When I was 18, I got a prescription for birth control, and miraculously, the fainting was limited to once or twice a year. I could handle that, and chalked up my previous incidences to lady problems and hormone inconsistencies.

Being an Adult...sort of

I live most of my 20s just getting by on my naturally low energy. I was chronically low on iron, but was "functional". I went to work, came home, napped, and spent my evenings on the couch. I was very unhappy, but I was functioning.

When I was accepted into University in 2013, I slowly became happier. I worked less, and thus avoided the draining days at my job. University allowed for mental breaks, but also more naps, so I was a little perkier when I needed to be.

Cutting the Meat

In 2015, I was suddenly cut hours at my horrible job (shout outs are given in previous posts). I was a full-time University, and found myself suddenly needing to switch my schedule around so I could take on a day job, as opposed to the weekend shifts I had been working. The day job I found was part-time, and involved sitting at a desk. My University classes were 3 evenings a week, and the rest of the time was mine to own. I found myself with more free time, and a ton of energy I needed to spend. 

That's when I decided to take care of my body. I dedicated myself to working out, and putting in the effort to meal plan. Vegetarianism was something that had crossed my mind previously, but I just never put the effort in. I decided to first cut out red meat from my diet, followed by chicken (which I never liked eating), and that was where I stayed for the next 19 months.

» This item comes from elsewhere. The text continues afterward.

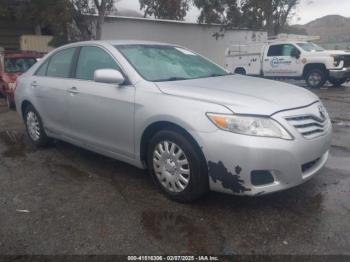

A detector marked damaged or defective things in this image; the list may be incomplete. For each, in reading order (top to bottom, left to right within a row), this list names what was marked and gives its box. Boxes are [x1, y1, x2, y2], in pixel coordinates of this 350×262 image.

paint damage [206, 161, 250, 193]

I felt less bloated than ever, and lighter in my physical activity. Cutting the meat also helped me really pay attention to what I was eating, because I had to watch my protein intake. Prior to this, I just was stuffing my face with whatever suited my mood.

I was still napping nearly every day (albeit shorter naps), but I chalked this up to simply just having a 12 year habit that was hard to shake.

The Decline of Iron

This past January, I accepted a full time position at my work. Again,schedule changes demanded lifestyle changes. I wasn't fitting in naps anymore, and I was completely exhausted by the time I came home. My iron levels plummeted again (a ferretin level of 2mg, when the minimum requirement is 12mg). I stopped being able to meal plan appropriately, and the fainting spells returned.

I realized that while my pescetarianism was relatively healthy prior to the recent iron plummet, I was still substituting the fat I was missing from meat with junk food. I was still carb-loading more than I was loading myself with protein on my long days, and one of the reasons I still had energy in the prior 19 months was because I had the luxury of recharging with a nap. It dawned on me that I wasn't being a "good" pescetarian who was really paying attention to what her body needs.

At first, I tried introducing beef broth to my diet for the added protein. However, two weeks ago, I was experiencing such a strong dizzy spell, I caved and went to get a Big Mac. Now, I know a Big Mac is likely the worst source of meat protein on the planet, but I was surprised to find I wasn't sick, and the texture of meat didn't throw me off. For the last two weeks, I have re-introduced red meat into my diet (I still hate chicken).



Right now, I'm choosing the diet that works for me. I can't keep up with changes in my lifestyle and expect to maintain similar results. I commend those who choose a meatless diet and find ways to maintain it, and perhaps one day, I will return to it myself. However, for now, I've had to part ways with some of my meatless dishes (I still intend to have a few vegetarian meals in my day).